Section 7.09. Eligibility; Disqualification. The Trustee will have a minimum combined capital and surplus as required by Section 310(a)(2) of the Trust Indenture Act.
Article 8
SATISFACTION AND DISCHARGE
Section 8.01. Discharge of Liability on Notes. When (a)(i) the Company delivers to the Trustee all outstanding Notes (other than Notes replaced pursuant to Section 2.11 hereof) for cancellation or (ii) all outstanding Notes have become due and payable, by reason of the issuance of a Redemption Notice or otherwise, and the Company irrevocably deposits with the Trustee or delivers to the Holders, as applicable, cash (or shares of Common Stock (or, if applicable, Reference Property) and cash (in lieu of fractional shares of Common Stock or, if applicable, units of Reference Property) solely to satisfy amounts due and owing as a result of conversions of the Notes), sufficient to pay all amounts due and owing on all outstanding Notes (other than Notes replaced pursuant to Section 2.11 hereof), (b) the Company pays all other sums payable by it under the Note Documents and (c) the Company delivers to the Trustee and the Collateral Agent an Officers’ Certificate and an Opinion of Counsel, each stating that all of the applicable conditions precedent to the discharge of this Indenture described in this Section have been satisfied, then, subject to Section 7.06 hereof, this Indenture will cease to be of further effect with respect to the Notes and the Holders and the Trustee will acknowledge the satisfaction and discharge of this Indenture with respect to the Notes.
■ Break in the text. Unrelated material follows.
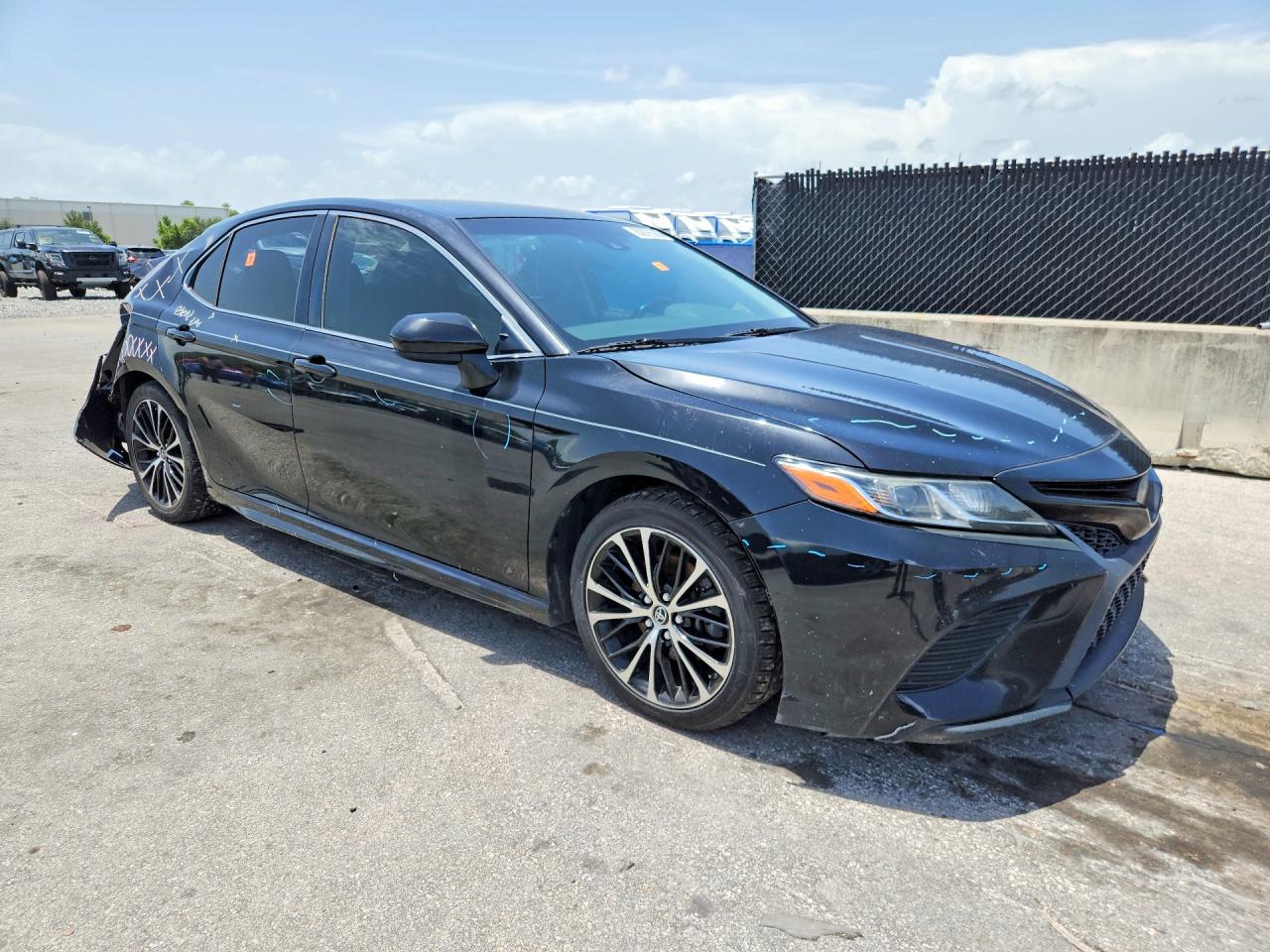 2018 TOYOTA CAMRY SE — снимка 4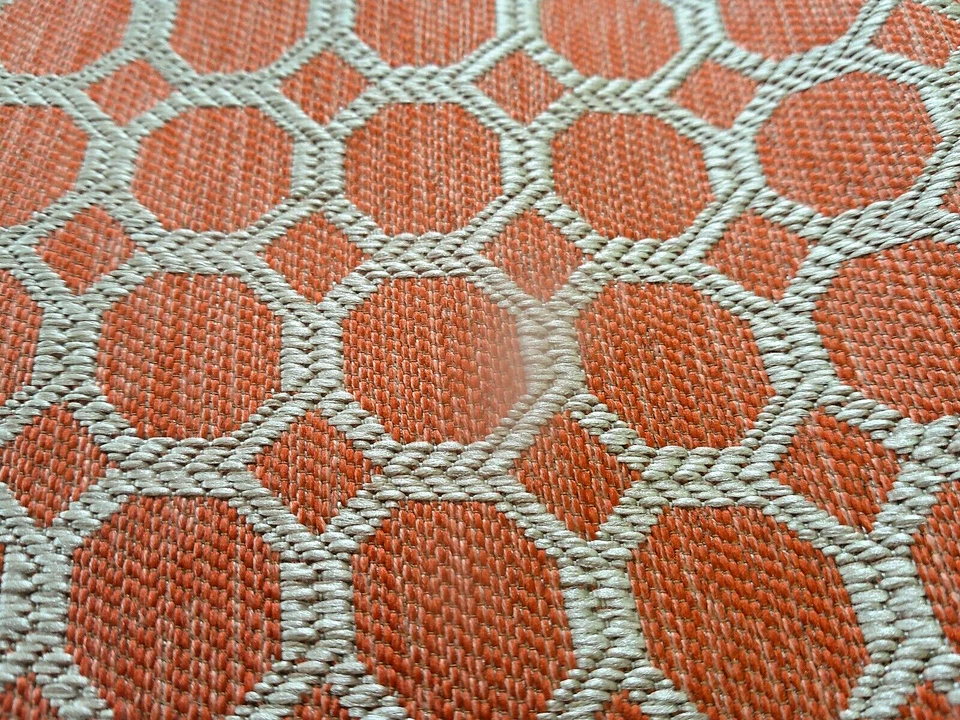 Tecidos de prateleira geométricos pequenos Dax Coral treliça/trellis jacquard por jarda - Imagem 2 de 4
Notwithstanding the satisfaction and discharge of this Indenture, (i) any obligation of the Company to any Holder under Article 10 hereof with respect to the conversion of any Note, to the Trustee with respect to compensation or indemnity (including, but not limited to, Article 7 hereof) or to the Collateral Agent with respect to compensation or indemnity (including, but not limited to, both Section 7.06 hereof and Section 9.08 of the Security Agreement), and (ii) any obligation of the Trustee with respect to money deposited with the Trustee under this Article 8 and Section 14.02 hereof will survive.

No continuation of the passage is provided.